> [WORK INSTRUCTIONS]: Each entry that follows needs to be written out exactly, with nothing left out.
□ □ □ □
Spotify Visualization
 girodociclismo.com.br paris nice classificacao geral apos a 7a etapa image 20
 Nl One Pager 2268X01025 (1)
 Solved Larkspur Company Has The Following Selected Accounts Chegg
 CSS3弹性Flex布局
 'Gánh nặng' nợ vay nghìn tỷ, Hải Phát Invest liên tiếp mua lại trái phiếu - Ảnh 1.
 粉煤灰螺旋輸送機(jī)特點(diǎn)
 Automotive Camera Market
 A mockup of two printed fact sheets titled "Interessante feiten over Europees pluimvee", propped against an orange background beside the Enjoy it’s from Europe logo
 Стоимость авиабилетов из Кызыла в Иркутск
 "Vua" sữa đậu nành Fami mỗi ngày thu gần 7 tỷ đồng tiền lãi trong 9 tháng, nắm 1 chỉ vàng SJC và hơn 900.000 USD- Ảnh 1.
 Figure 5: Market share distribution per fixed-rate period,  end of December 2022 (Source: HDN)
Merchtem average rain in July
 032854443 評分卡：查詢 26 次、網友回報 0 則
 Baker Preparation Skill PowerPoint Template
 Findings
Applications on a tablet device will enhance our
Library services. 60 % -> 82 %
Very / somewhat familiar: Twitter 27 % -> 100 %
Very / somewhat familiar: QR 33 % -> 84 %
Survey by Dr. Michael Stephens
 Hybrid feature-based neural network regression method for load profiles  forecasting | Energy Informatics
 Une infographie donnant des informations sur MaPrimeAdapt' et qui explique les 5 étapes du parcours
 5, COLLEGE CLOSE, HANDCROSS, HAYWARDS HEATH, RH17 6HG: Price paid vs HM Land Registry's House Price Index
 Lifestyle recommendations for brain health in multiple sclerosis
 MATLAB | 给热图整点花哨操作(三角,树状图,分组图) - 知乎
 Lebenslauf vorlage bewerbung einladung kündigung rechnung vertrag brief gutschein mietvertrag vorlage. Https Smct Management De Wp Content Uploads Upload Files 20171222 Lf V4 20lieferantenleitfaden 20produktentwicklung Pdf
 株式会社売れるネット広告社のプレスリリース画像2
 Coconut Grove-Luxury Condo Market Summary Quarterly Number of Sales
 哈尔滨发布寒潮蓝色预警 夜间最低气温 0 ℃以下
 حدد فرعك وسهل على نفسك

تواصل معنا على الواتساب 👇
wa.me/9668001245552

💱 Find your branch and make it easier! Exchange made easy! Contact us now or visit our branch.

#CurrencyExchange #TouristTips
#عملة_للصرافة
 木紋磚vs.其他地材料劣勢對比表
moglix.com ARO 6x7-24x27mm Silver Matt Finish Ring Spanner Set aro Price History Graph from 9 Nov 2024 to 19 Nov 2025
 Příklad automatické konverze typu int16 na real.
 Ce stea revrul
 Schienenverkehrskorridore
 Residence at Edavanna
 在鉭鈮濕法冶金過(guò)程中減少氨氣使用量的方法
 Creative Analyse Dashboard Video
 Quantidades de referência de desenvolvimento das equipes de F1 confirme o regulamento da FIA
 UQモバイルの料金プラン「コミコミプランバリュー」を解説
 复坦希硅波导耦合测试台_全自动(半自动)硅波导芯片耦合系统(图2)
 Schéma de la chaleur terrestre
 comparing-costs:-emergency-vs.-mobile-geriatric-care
□ □ □ □
> [WRITTEN SOLUTION]:
Spotify Visualization
 girodociclismo.com.br paris nice classificacao geral apos a 7a etapa image 20
 Nl One Pager 2268X01025 (1)
 Solved Larkspur Company Has The Following Selected Accounts Chegg
 CSS3弹性Flex布局
 'Gánh nặng' nợ vay nghìn tỷ, Hải Phát Invest liên tiếp mua lại trái phiếu - Ảnh 1.
 粉煤灰螺旋輸送機(jī)特點(diǎn)
 Automotive Camera Market
 A mockup of two printed fact sheets titled "Interessante feiten over Europees pluimvee", propped against an orange background beside the Enjoy it’s from Europe logo
 Стоимость авиабилетов из Кызыла в Иркутск
 "Vua" sữa đậu nành Fami mỗi ngày thu gần 7 tỷ đồng tiền lãi trong 9 tháng, nắm 1 chỉ vàng SJC và hơn 900.000 USD- Ảnh 1.
 Figure 5: Market share distribution per fixed-rate period,  end of December 2022 (Source: HDN)
Merchtem average rain in July
 032854443 評分卡：查詢 26 次、網友回報 0 則
 Baker Preparation Skill PowerPoint Template
 Findings
Applications on a tablet device will enhance our
Library services. 60 % -> 82 %
Very / somewhat familiar: Twitter 27 % -> 100 %
Very / somewhat familiar: QR 33 % -> 84 %
Survey by Dr. Michael Stephens
 Hybrid feature-based neural network regression method for load profiles  forecasting | Energy Informatics
 Une infographie donnant des informations sur MaPrimeAdapt' et qui explique les 5 étapes du parcours
 5, COLLEGE CLOSE, HANDCROSS, HAYWARDS HEATH, RH17 6HG: Price paid vs HM Land Registry's House Price Index
 Lifestyle recommendations for brain health in multiple sclerosis
 MATLAB | 给热图整点花哨操作(三角,树状图,分组图) - 知乎
 Lebenslauf vorlage bewerbung einladung kündigung rechnung vertrag brief gutschein mietvertrag vorlage. Https Smct Management De Wp Content Uploads Upload Files 20171222 Lf V4 20lieferantenleitfaden 20produktentwicklung Pdf
 株式会社売れるネット広告社のプレスリリース画像2
 Coconut Grove-Luxury Condo Market Summary Quarterly Number of Sales
 哈尔滨发布寒潮蓝色预警 夜间最低气温 0 ℃以下
 حدد فرعك وسهل على نفسك

تواصل معنا على الواتساب 👇
wa.me/9668001245552

💱 Find your branch and make it easier! Exchange made easy! Contact us now or visit our branch.

#CurrencyExchange #TouristTips
#عملة_للصرافة
 木紋磚vs.其他地材料劣勢對比表
moglix.com ARO 6x7-24x27mm Silver Matt Finish Ring Spanner Set aro Price History Graph from 9 Nov 2024 to 19 Nov 2025
 Příklad automatické konverze typu int16 na real.
 Ce stea revrul
 Schienenverkehrskorridore
 Residence at Edavanna
 在鉭鈮濕法冶金過(guò)程中減少氨氣使用量的方法
 Creative Analyse Dashboard Video
 Quantidades de referência de desenvolvimento das equipes de F1 confirme o regulamento da FIA
 UQモバイルの料金プラン「コミコミプランバリュー」を解説
 复坦希硅波导耦合测试台_全自动(半自动)硅波导芯片耦合系统(图2)
 Schéma de la chaleur terrestre
 comparing-costs:-emergency-vs.-mobile-geriatric-care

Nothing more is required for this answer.